Nearly half of new coronavirus infections nationwide are in just five states — a situation that is putting pressure on the federal government to consider changing how it distributes vaccines by sending more doses to hot spots.
New York, Michigan, Florida, Pennsylvania and New Jersey together reported 44% of the nation’s new COVID-19 infections, or nearly 197,500 new cases, in the latest available seven-day period, according to state health agency data compiled by Johns Hopkins University. Total U.S. infections during the same week numbered more than 452,000.
The heavy concentration of new cases in states that account for 22% of the U.S. population has prompted some experts and elected officials to call for President Joe Biden’s administration to ship additional vaccine doses to those places. So far, the White House has shown no signs of shifting from its policy of dividing vaccine doses among states based on population.
Also in the news:
►California plans to drop its tier system and open up the state June 15 if vaccine supply remains steady and coronavirus metrics continue to decline. Everyday activities will be allowed and businesses will open with "common-sense risk-reduction measures," state Health and Human Services Secretary Dr. Mark Ghaly said.
►Not a single oceangoing cruise ship has departed with passengers from a U.S. port in the past year. But that's changing. Norwegian Cruise Line announced Tuesday that it's planning its official return to service for late July with sailings in Europe and The Caribbean — but passengers and crew will be required to be "100% vaccinated" two weeks before boarding.
►President Joe Biden announced that he was moving up his call for all U.S. adults to become eligible to receive a coronavirus vaccine to April 19, almost two weeks sooner than his initial goal of May 1.
? Today's numbers: The U.S. has more than 30.8 million confirmed coronavirus cases and 556,000 deaths, according to Johns Hopkins University data. The global totals: More than 132 million cases and 2.8 million deaths. At least 219 million vaccine doses have been distributed in the U.S. and 168 million have been administered, according to the CDC.

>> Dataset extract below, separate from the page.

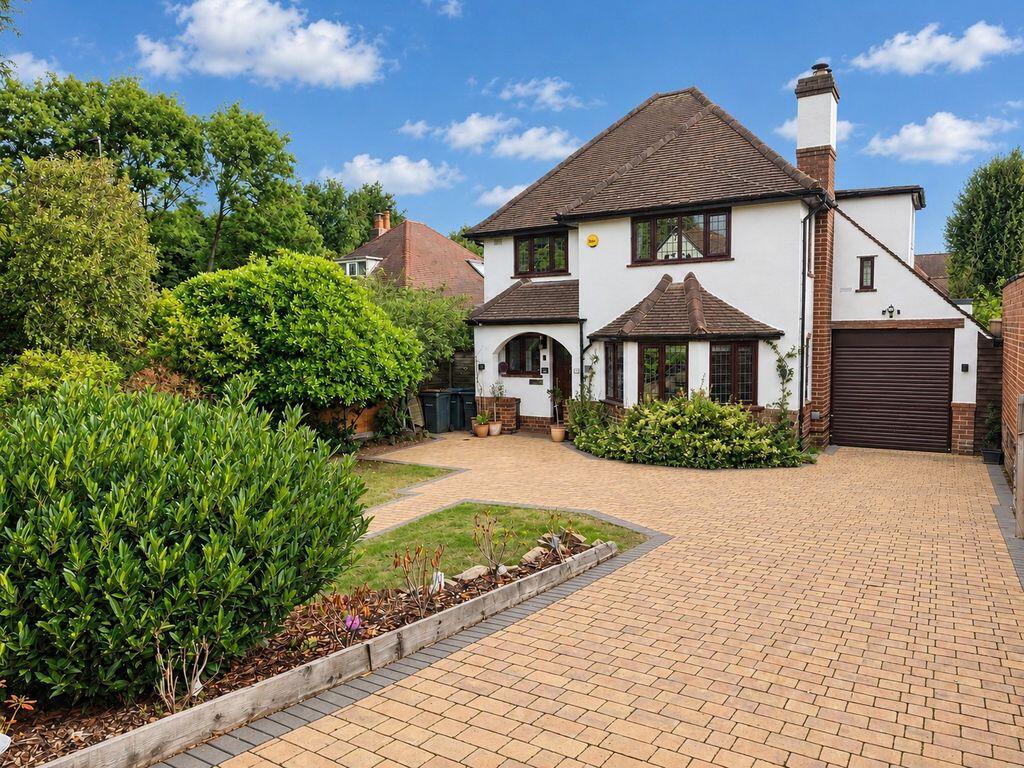 4 bed Detached for rent in Royal Sutton Coldfield. From Paul Carr - Streetly 4 bed Detached for rent in Royal Sutton Coldfield. From Paul Carr - Streetly
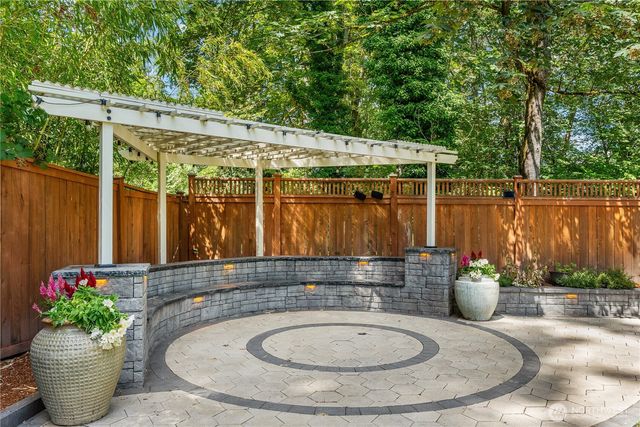 26546 SE Belvedere Way, Sammamish, WA 98075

? What we're reading: Why do children fare better than adults against COVID-19? Their innate immune response may stop the virus earlier, according to a new study. Read the full story.
About 80% of teachers, school staff and childcare workers have gotten at least their first COVID-19 vaccine shot, according to the Centers for Disease Control and Prevention.

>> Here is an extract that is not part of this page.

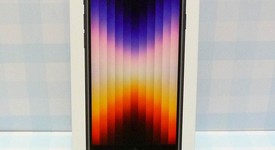 New
													Apple iPhone SE 3rd Gen 2022 - US Cellular, Midnight, 64 GB, A2595, photo 1 of 4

The percentage came from a CDC survey completed by 13,000 education staff and 40,000 childcare workers across the country.
The CDC said it had tracked more than 7 million doses that had been administered to the group, which were prioritized in early March in hopes of reopening schools across the U.S.
"Our push to ensure that teachers, school staff, and childcare workers were vaccinated during March has paid off and paved the way for safer in-person learning," said CDC Director Rochelle Walensky. "CDC will build on the success of this program and work with our partners to continue expanding our vaccination efforts, as we work to ensure confidence in COVID-19 vaccines."
Brazil, Argentina break records for deaths, infections
Both Brazil and Argentina broke their own bleak records with COVID-19 infections and deaths as the rest of the globe continues its race to vaccinate as more variants spread.
Brazil — where the more infectious P.1 variant was discovered — saw its deadliest day on record on Tuesday with 4,195 deaths due to the disease within a 24-hour span. More than 330,000 people have died in the country due to COVID-19.
Argentina also broke its record for infections, recording 20,870 new COVID-19 cases in one day. The total number of confirmed cases in the country are more than 2.4 million.